═══ Collected data

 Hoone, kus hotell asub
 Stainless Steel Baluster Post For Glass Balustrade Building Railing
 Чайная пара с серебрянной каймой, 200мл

══════

What you need to do ->
Return every line of the data unchanged.

Task answer ->
 Hoone, kus hotell asub
 Stainless Steel Baluster Post For Glass Balustrade Building Railing
 Чайная пара с серебрянной каймой, 200мл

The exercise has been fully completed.